Best point mass approximation

Posted by Yuling Yao on Feb 20, 2021. Tag: computation

It comes a lot that we often summarize a continuous distribution (often, posterior distribution of parameter estimation or of predictions) by a point mass (or a sharpe spike) for (1) computation or memory cost, (2) easier communication, (3) part of a larger computation approximation, such as EM or in dropout, or a combination of all of these.

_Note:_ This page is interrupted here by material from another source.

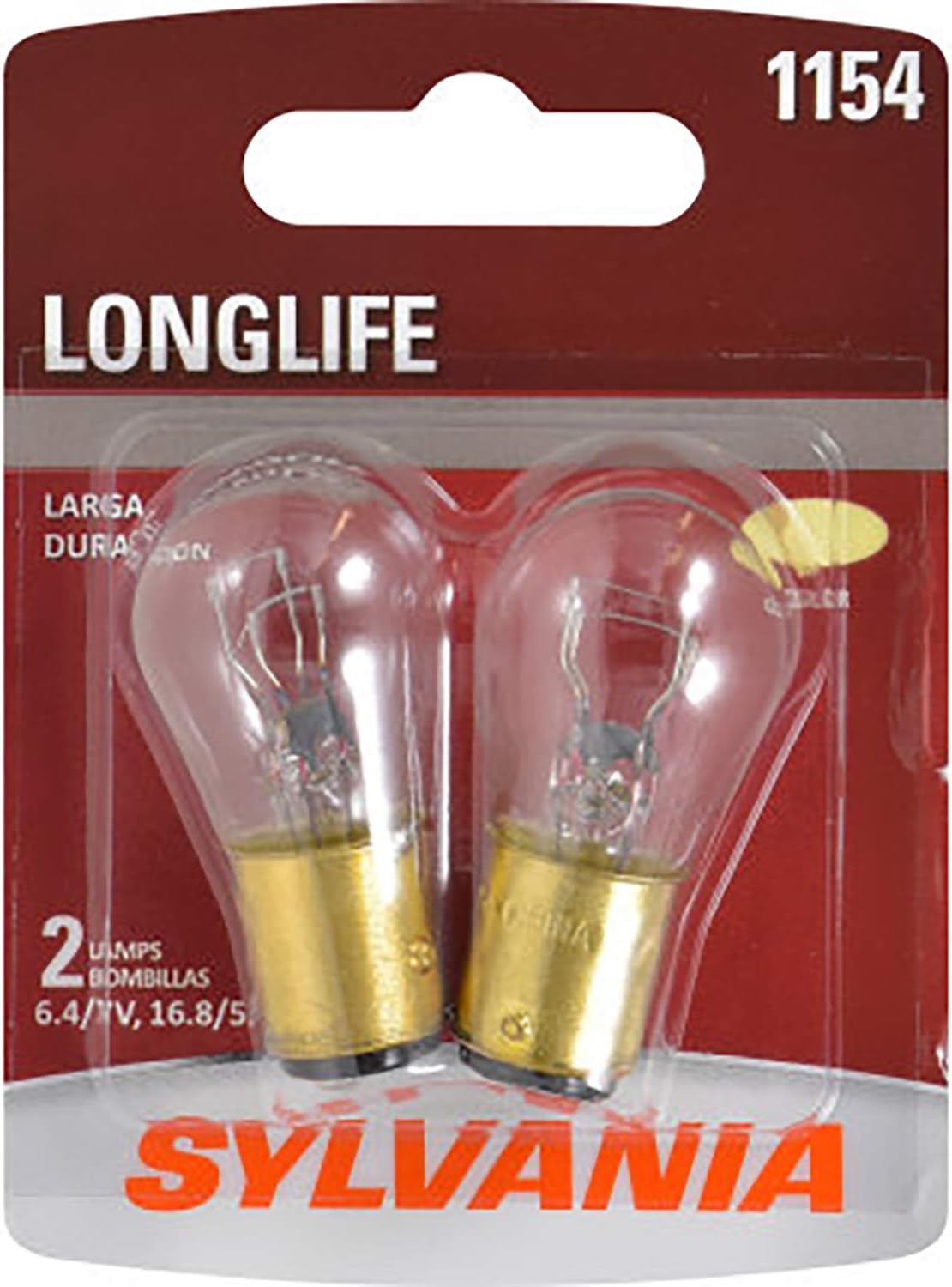 SYLVANIA - 1154 Long Life Miniature - Bulb, Ideal Option for Brake, Tail, and Turn Signal (Contains 2 Bulbs)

How do we justify the choice of point summary? Here is a few list:

The mean of posterior density minimizes the $L^2$ risk.
The mode of the posterior density minimizes the KL divergence to it. Well, this needs more explanation. Assuming $p(\theta)$ is some continuous density on real line with respect to the Lebesgue measure $\mu(\theta)$—but a point mass $\delta(\theta_0)$ is defined with repect to counting measure $\mu_c(\theta)$—but to define KL divergence does requires the same measurable space. To overvome this ambiguity we can either (a) equip the real line with the summed measure $\mu_c(\theta)+ \mu(\theta)$ and the KL divergence reads $C - \log p(\theta_0)$ which is minimized at the mode, or (b) view $\delta(\theta_0) \approx \mathrm{normal}(\theta_0, \tau)$ for a very small but fixed $\tau$, then KL divergence is also approximately $C(\tau) + \log p(\theta_0)$, which again minimized at the mode. Put it in another way, the MAP is always the spiky variational inference approximation to the exact posterior density.
The Wasserstein metric is different. It is legit to consider the Wasserstein metric between point mass and continuous densities. The posterior median minimizes the Wasserstein metric for order 1 and he posterior mean minimizes the Wasserstein metric for order 2. Likewise we can argue the posterior median/mean is the variational inference approximation to the exact posterior density under Wasserstein metric.